● **What to do**
Take the lines from the one with "8356 Highway 100 , Nashville, TN 37221" through the last line of the material below and write them out exactly, without any pictures.

● **Dataset content**
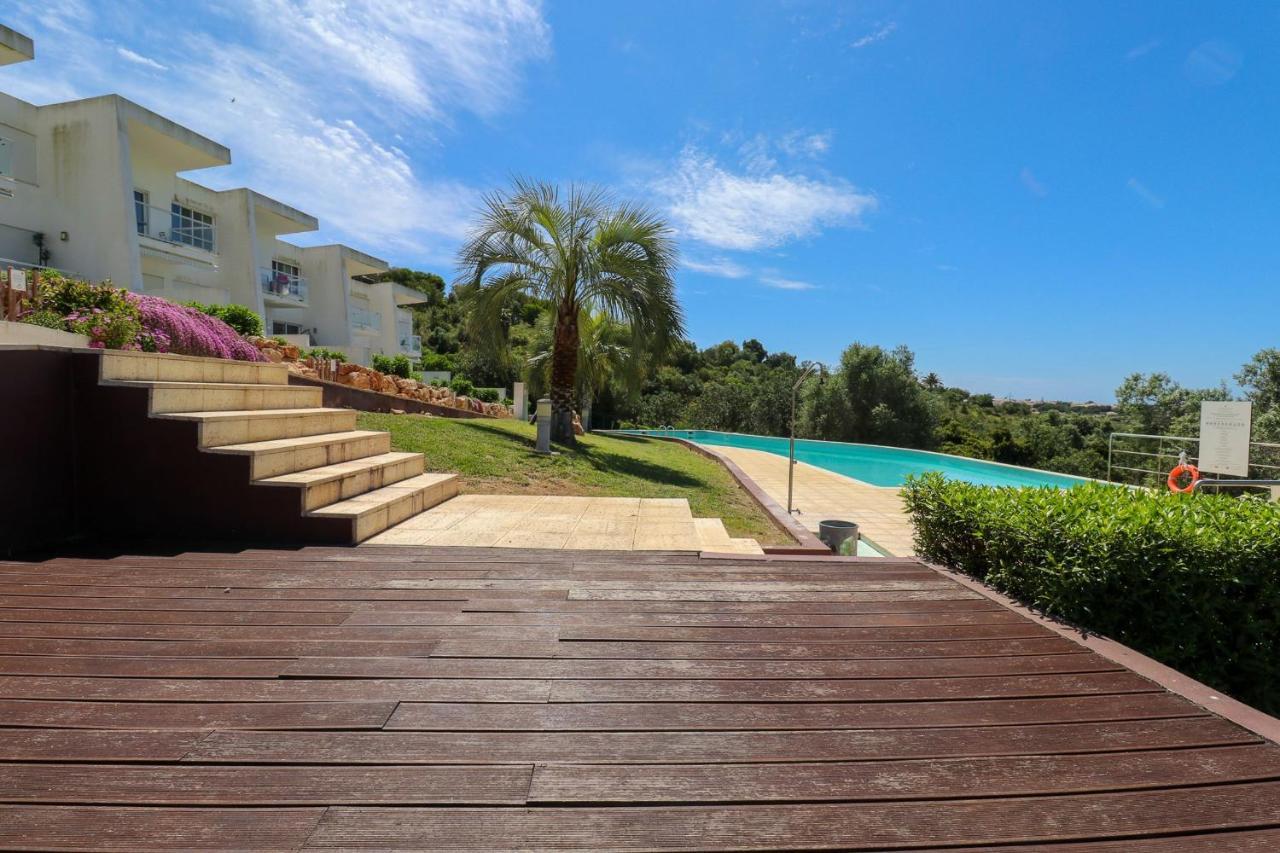 Lovelystay - Divine 3Bdr Duplex House W/ Pool & Garden Patroves Buitenkant foto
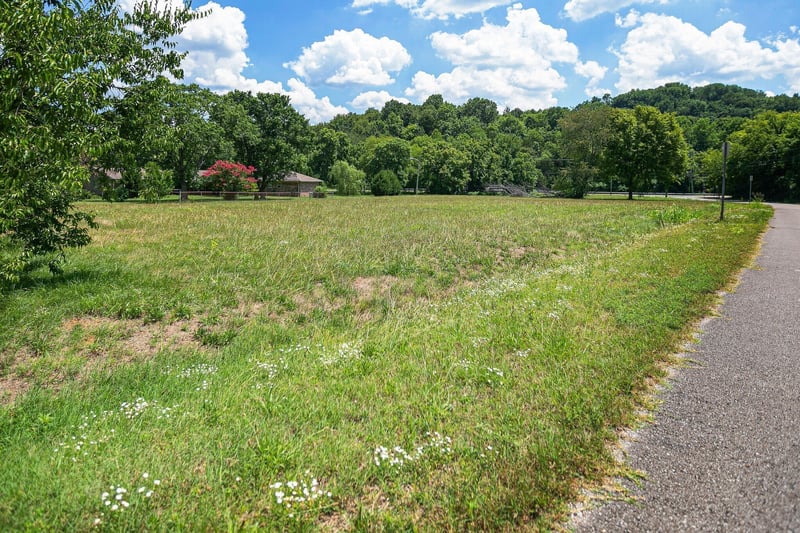 8356 Highway 100 , Nashville, TN 37221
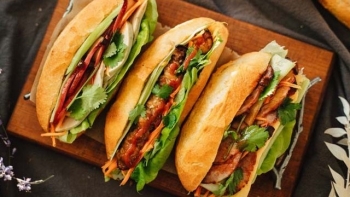 Chưa xác định nguyên nhân vụ nghi ngộ độc do bánh mỳ khiến 68 người nhập viện ở Quảng Trị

● **Task solution**
 8356 Highway 100 , Nashville, TN 37221
 Chưa xác định nguyên nhân vụ nghi ngộ độc do bánh mỳ khiến 68 người nhập viện ở Quảng Trị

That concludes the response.